GIVEN INFORMATION ▸
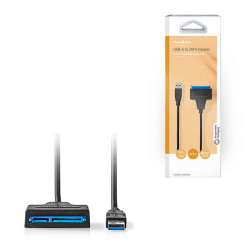 NEDIS CCGB75100BK05 Καλώδιο - αντάπτορας USB 3.2 Gen 1x1 Type Α αρσ. - SATA 22-pin, για τη σύνδεση σκληρών δίσκων HDD / SSD 2.5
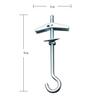 Carbon Steel Cavity Toggle Wings Plasterboard Bolts Hanger Wall Hooks Ceiling Hook Wall Fixing Wing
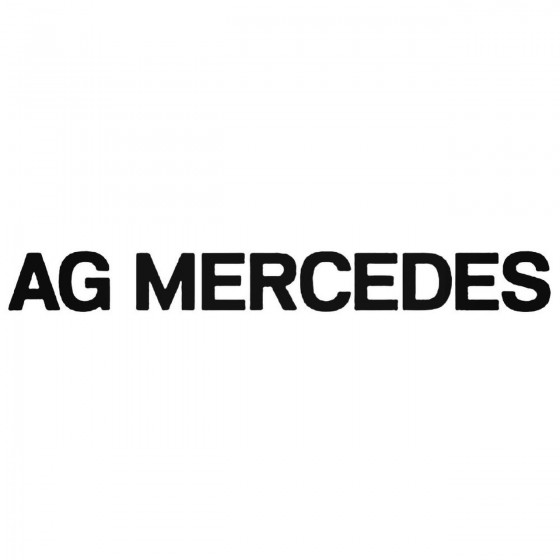 Mercedes Ag Decal Sticker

TASK STATEMENT ▸ Print every line of the data exactly. Pictures do not belong in the copy.

ANSWER AREA ▸
 NEDIS CCGB75100BK05 Καλώδιο - αντάπτορας USB 3.2 Gen 1x1 Type Α αρσ. - SATA 22-pin, για τη σύνδεση σκληρών δίσκων HDD / SSD 2.5
 Carbon Steel Cavity Toggle Wings Plasterboard Bolts Hanger Wall Hooks Ceiling Hook Wall Fixing Wing
 Mercedes Ag Decal Sticker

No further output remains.